# Shrieking cockatiel



## nat_900 (Apr 23, 2011)

Help!

I've recently brought a cockatiel that is around 4 months old who shrieks every time my partner and I leave the room. When we are not in site shes cry's out for a good 5 minutes. I've only had her for around a week now but the shrieking is becoming a problem due to being in an apartment block.

Is this something she will grow out of or is there something I can do to assist what seams to be separation anxiety?


----------



## MeanneyFids (Aug 24, 2010)

ok, what she is doing is flock calling. it means she sees you guys as her flock members. its normal but can be annoying... mine do it a lot..

try leaving the tv on or radio on for her and see if that helps at all



mine flock call lots regardless and i have lovies who chatter all day long who are louder than tiels and i live in an apartment too. no noise complaints here  hopefully itll be just the same for you if she doesnt stop.

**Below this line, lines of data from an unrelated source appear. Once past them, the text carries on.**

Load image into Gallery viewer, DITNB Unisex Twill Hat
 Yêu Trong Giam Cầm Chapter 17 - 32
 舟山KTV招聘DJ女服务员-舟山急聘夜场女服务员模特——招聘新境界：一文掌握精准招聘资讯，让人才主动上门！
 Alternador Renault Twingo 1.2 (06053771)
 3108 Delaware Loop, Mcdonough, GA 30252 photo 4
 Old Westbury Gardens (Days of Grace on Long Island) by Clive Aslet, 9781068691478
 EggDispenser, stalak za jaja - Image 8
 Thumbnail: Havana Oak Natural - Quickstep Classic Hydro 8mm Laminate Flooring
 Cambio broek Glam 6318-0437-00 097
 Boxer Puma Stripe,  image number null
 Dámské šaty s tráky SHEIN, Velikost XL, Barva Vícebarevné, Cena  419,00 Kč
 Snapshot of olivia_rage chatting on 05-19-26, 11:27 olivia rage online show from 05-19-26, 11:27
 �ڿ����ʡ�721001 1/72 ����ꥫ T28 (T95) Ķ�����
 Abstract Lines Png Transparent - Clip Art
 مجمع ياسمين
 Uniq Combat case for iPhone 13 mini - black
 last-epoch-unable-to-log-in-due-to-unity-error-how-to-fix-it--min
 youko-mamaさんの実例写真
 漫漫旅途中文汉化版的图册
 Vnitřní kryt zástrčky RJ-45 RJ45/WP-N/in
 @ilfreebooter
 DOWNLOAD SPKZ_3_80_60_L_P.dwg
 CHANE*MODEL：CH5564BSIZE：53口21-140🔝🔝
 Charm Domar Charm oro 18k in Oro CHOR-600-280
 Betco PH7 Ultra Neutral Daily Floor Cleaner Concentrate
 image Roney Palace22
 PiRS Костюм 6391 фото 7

mine... i give them a favourite treat often and i find if theyre munching on that theyre less likely to scream... but dont give it to her AS you leave the room... maybe like 10 minutes or more before hand or else she may see it as a reward.


----------



## Flick (Apr 19, 2011)

Whatever you do, after you leave the room, do not talk to her or yell to her from the other room. Even if you are saying out to her "Shhh I'm just over here, It's okay!" Because all she interprets is that you are flock calling back to her so she is going to get louder so that you can "find" your way back to her. Lol.


----------